January 26, 2026

The Twelve: 01 Monday Mindset

A minute of insights.

Spend :01 of your time each Monday morning as Twelve:01 delivers timely tools, trends, strategies, and/or compliance insights for the CME/CE enterprise.

RGC COV: A Shortcut to More Reliable AI Outputs

Prompt engineering refers to the practice of structuring instructions to guide generative AI toward clearer, more accurate, and more useful outputs. RGC COV is commonly defined as Role, Goal, Context, followed by Constraints, Output, and Verification, ensuring the LLM understands who it is, what it must do, and how success is measured. For CME/CE professionals, this approach reduces ambiguity, improves factual alignment, and supports outputs that are appropriate for regulated, evidence-based environments. Explicit constraints (e.g., length, tone, citations) and output specifications can help align responses with accreditation standards and learner expectations. Incorporating a verification step, such as asking the model to self-check against guidelines or flag uncertainty, adds a critical safety layer for clinical and educational use.

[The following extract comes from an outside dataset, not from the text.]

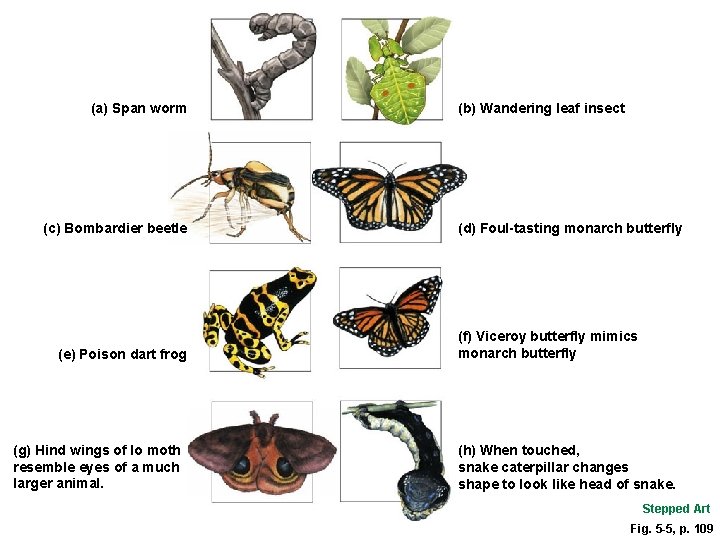 (a) Span worm (c) Bombardier beetle (e) Poison dart frog (g) Hind wings of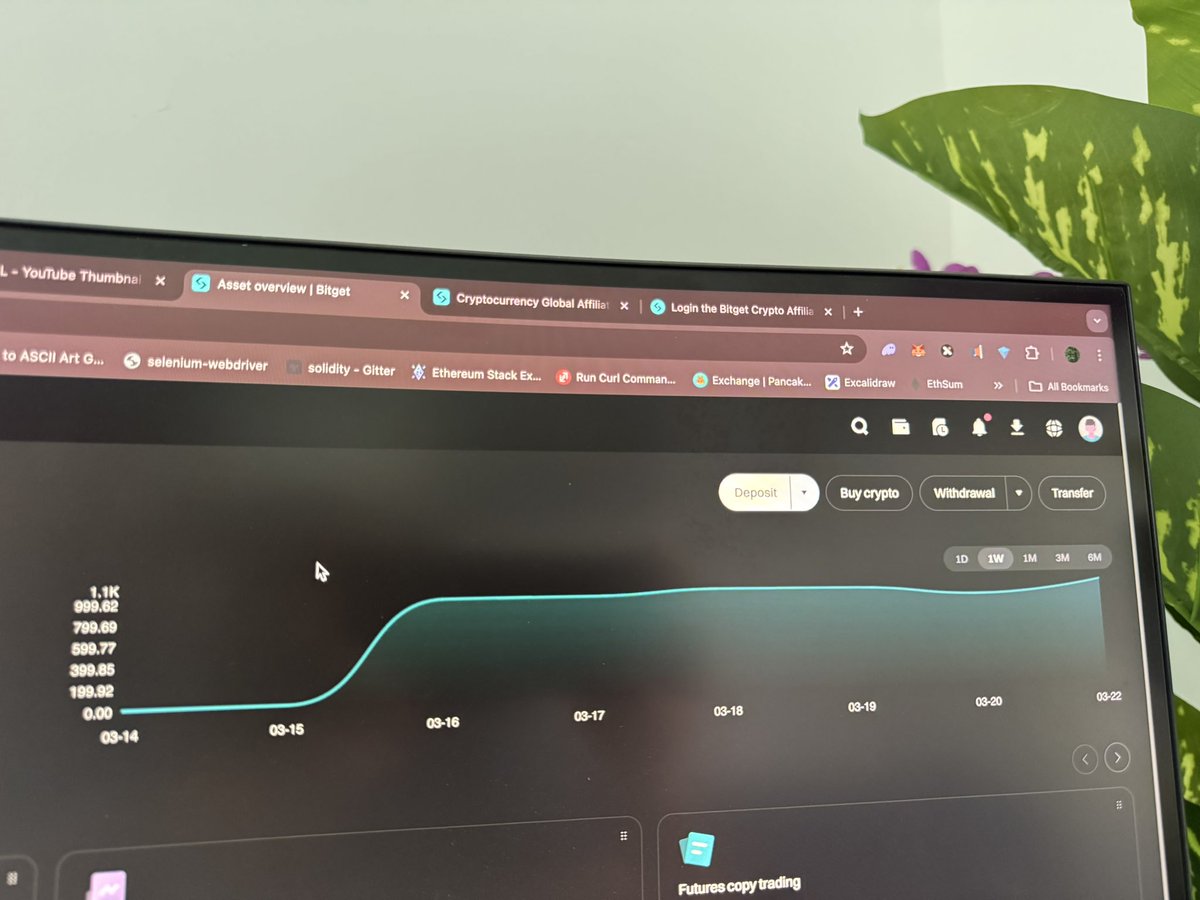 algoclient's tweet image. Boom! From flatline to flight 🐝💥 #AlgoBee’s performance this week is proof that momentum favors the prepared! #crypto #memecoin #trading #Bitcoin #Bitget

A National Strategy for Patient Safety and AI

The National Academy of Medicine has announced a new two-year initiative, Patient Safety in the Era of AI, launching in spring 2026 and aimed at using artificial intelligence to help move the long-held goal of “zero harm” from aspiration to achievable reality. Coming 25 years after To Err is Human exposed the scale of preventable harm, the effort recognizes that growing system complexity has introduced new risks, while also creating new opportunities for AI to strengthen core safety practices and anticipate failure before it occurs. A national Steering Group co-chaired by leaders from Mayo Clinic, CommonSpirit Health, and Patients for Patient Safety U.S. will guide the work, alongside representatives from health systems, regulators, technology companies, and patient advocates.

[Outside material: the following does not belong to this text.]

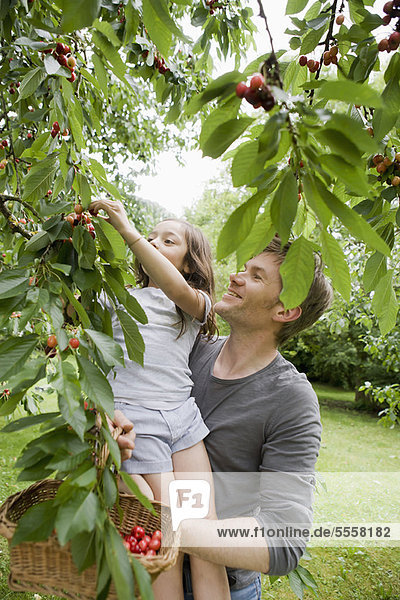 Vater und Tochter beim Obstpflücken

From Governance to Design: AI’s Unfinished Conversation

As nearly 3,000 global leaders gathered in Davos for the World Economic Forum (WEF), and headlines were plentiful, artificial intelligence dominated discussions on growth, risk, and geopolitics. In an upfront analysis of the WEF agenda, Amelia Green, Founder and CEO of U-BI, who was invited to participate in this year’s meeting, highlighted what she believed to be a “striking imbalance” from the outset: across dozens of AI-related sessions, far more attention seemed to be given to governing AI’s risks than to using AI, itself, to mitigate the risks it creates. Green argues that the next phase of leadership will be defined by AI-native architectures that embed accountability, resilience, and risk mitigation directly into the systems AI reshapes. For all AI use cases, this shift from debate to design underscores an important question: are we building systems that merely respond to AI, or ones that harness it to actively rebalance and improve them?